Martín Vizcarra ha tropezado con la oportunidad que pocos presidentes tienen de ejercer la jefatura del Estado (función apenas referida en la Constitución) y de conducir reformas políticas y judiciales que realmente trasciendan y no desciendan a distracciones populistas.
Vizcarra tropezó también con la indignación ciudadana por la corrupción judicial y el descrédito de la clase dirigencial política implicada en los sobornos de Odebrecht. Tuvo la habilidad de sintonizar con esa indignación y el mérito de responder a ella con un compromiso de lucha frontal contra la corrupción y reformas constitucionales hoy en marcha entre dudas y certezas.
Pero así como ha podido sintonizar con esa indignación y ganar aplausos y popularidad, Vizcarra tiene que sacar las agallas necesarias para hacer lo que se tiene que hacer por el país, así no haya aplausos, así no haya popularidad.
La presidencia peruana tiene tantos poderes como vacíos, tantas formalidades como recovecos (de ahí viene el título de mi libro “La presidencia ficticia”), que Vizcarra vive en la complicada soledad de no saber si realmente es el jefe del Estado a tiempo completo que necesita el país, el presidente de la República que habitualmente conocemos, o, peldaños más abajo, el jefe de Gobierno que suele confundirse con las cabezas de los demás poderes públicos.

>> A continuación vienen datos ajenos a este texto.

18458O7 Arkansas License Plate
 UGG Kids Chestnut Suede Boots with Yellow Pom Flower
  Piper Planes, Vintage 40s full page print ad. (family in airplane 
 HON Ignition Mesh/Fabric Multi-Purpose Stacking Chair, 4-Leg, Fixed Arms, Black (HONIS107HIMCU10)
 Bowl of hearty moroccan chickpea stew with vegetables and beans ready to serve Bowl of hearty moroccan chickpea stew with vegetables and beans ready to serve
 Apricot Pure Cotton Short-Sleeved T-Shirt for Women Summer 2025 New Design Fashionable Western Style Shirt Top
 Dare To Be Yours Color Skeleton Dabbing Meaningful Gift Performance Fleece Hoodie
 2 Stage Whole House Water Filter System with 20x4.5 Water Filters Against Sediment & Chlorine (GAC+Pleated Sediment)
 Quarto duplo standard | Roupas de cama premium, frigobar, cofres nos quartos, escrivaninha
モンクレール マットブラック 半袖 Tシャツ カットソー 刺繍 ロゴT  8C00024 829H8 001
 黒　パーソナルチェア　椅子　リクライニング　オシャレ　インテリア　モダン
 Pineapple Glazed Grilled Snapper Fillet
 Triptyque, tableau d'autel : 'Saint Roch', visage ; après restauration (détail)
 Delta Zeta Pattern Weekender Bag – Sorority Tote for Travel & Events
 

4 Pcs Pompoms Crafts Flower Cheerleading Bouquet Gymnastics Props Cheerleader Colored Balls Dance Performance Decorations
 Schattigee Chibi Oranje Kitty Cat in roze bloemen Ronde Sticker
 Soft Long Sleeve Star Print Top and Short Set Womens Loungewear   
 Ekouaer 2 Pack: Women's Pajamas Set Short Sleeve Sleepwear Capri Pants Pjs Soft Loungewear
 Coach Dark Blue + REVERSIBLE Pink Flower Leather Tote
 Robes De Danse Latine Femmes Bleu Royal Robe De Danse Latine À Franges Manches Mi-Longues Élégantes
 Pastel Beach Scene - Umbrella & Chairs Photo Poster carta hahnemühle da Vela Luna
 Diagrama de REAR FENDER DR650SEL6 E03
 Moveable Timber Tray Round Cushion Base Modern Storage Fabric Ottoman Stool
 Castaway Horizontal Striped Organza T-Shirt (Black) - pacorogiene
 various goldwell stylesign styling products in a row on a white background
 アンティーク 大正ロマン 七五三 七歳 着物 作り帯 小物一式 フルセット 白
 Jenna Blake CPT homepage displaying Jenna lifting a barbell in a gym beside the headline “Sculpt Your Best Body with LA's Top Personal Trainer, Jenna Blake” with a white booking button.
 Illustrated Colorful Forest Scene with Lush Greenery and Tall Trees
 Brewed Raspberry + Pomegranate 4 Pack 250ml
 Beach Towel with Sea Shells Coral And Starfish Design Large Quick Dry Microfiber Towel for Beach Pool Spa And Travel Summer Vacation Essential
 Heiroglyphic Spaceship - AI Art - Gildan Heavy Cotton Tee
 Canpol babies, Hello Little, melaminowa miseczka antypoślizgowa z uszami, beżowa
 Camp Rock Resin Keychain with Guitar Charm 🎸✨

Bueno pues, la urgencia de las reformas y los problemas de fondo del país (hay que volver a crecer económicamente más del 5% o 6% para evitar graves retrocesos en la reducción de la pobreza y el desempleo) requieren de un Vizcarra jefe del Estado, y, como tal, garante de la democracia, del Estado de derecho y de las condiciones de diálogo, acuerdos y consensos capaces de ponerse por encima de las diferencias y enemistades políticas e ideológicas. Ser un factor de unión, no de desunión.
Vizcarra afecta, por ejemplo, su condición de jefe del Estado cuando en su convocatoria a la primera reunión con los poderes públicos llamados a definir el futuro de la Junta Nacional de Justicia excluye al fiscal de la Nación, Pedro Chávarry. Antes había pedido la salida de este del Ministerio Público, la cual solo puede resolverla constitucionalmente el Congreso.
Al presidente podría no gustarle Chávarry y a Chávarry no gustarle el presidente. Pero ambos se deben a un ordenamiento constitucional de respeto mutuo. Tampoco es dable que dos fiscales subalternos decidan a nombre del Estado las condiciones de indemnización y continuidad operativa de Odebrecht a cambio de delaciones que no sabemos cómo pueden ser direccionadas. Y otros fiscales que llegan a la extorsión para convertir a sus procesados en colaboradores eficaces de cualquier cosa no corroborada.
Los peruanos esperamos que los casos fiscales y judiciales anticorrupción avancen en debidos procesos, en acusaciones firmes y en sentencias claras más que en la montaña rusa de investigaciones y prisiones preventivas.
El propio Vizcarra podría encontrarse el 2021 con muchos procesados en estado de impunidad y con algunas reformas impulsadas por él vueltas a fojas cero por estar simplemente mal hechas.